▸ Problem: Exact repetition of a range: find the line containing "5440 N Christiana Ave #2 — Photo 5" and the line containing "部屋は一人で使うには広いくらいです" in the material below, then repeat both and all lines between them, leaving pictures out.

▸ Provided entries:
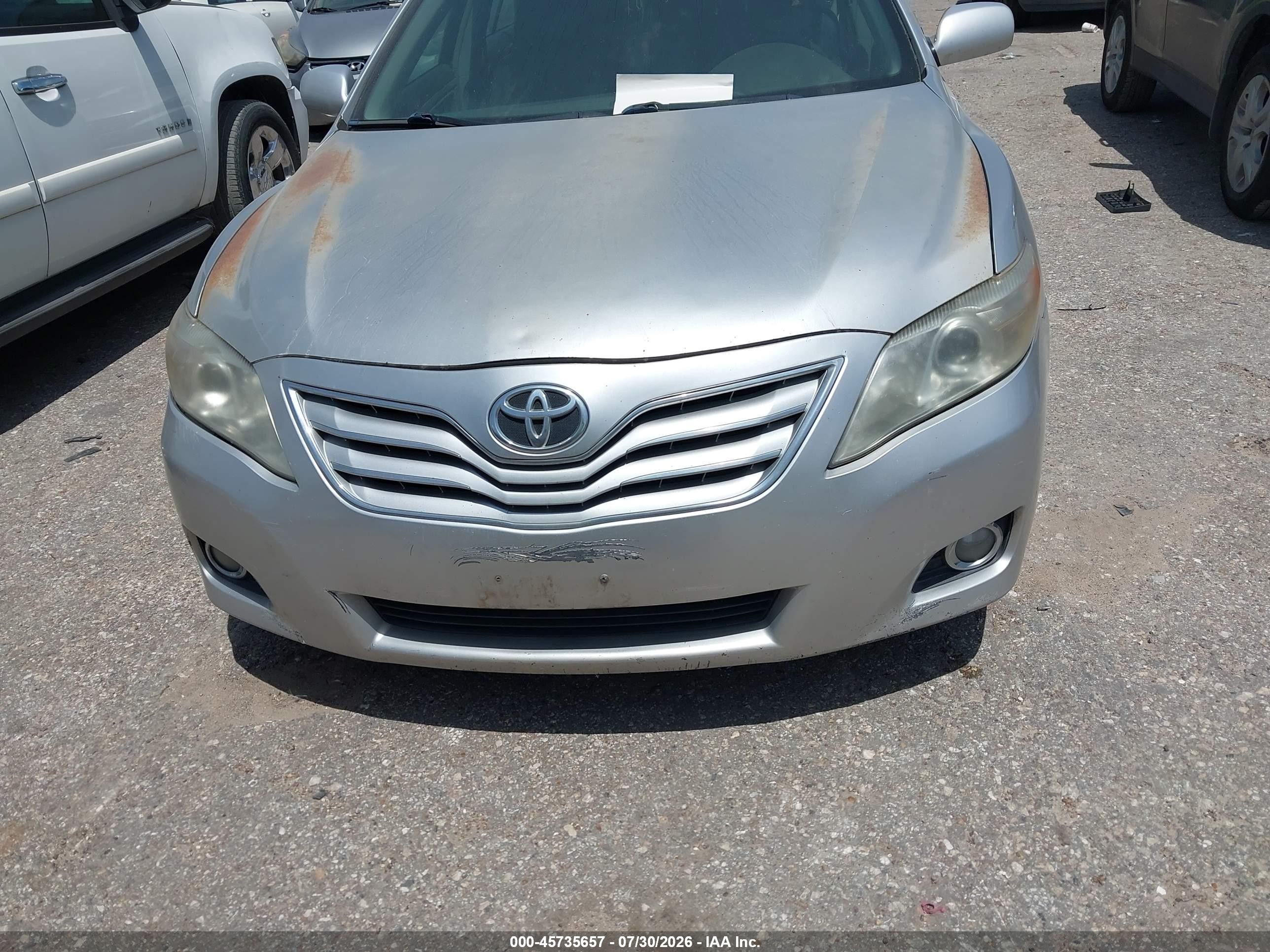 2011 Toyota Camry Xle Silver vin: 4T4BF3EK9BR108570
...
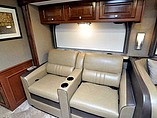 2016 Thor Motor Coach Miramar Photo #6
...
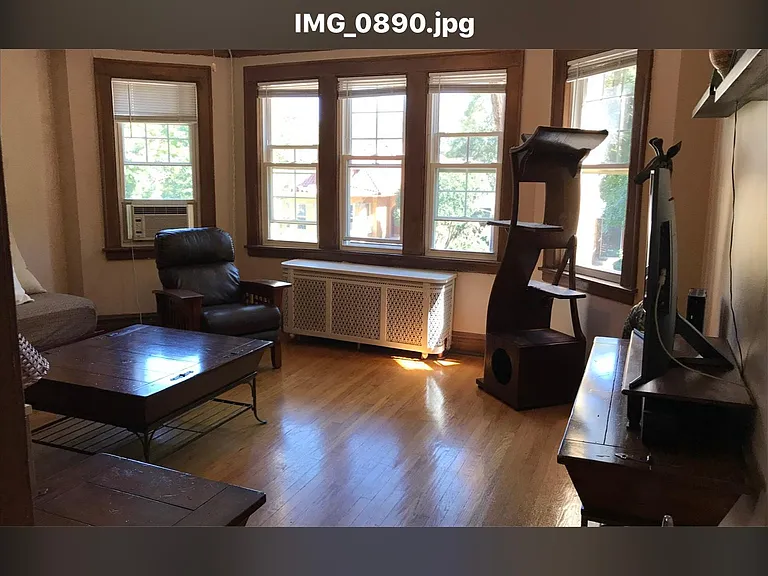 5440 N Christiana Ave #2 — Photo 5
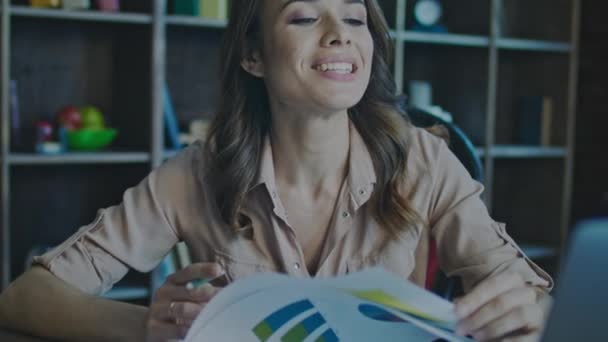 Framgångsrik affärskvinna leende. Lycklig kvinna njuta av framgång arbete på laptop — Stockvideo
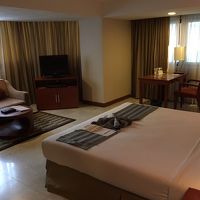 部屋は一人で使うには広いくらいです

▸ Response area:
 5440 N Christiana Ave #2 — Photo 5
 Framgångsrik affärskvinna leende. Lycklig kvinna njuta av framgång arbete på laptop — Stockvideo
 部屋は一人で使うには広いくらいです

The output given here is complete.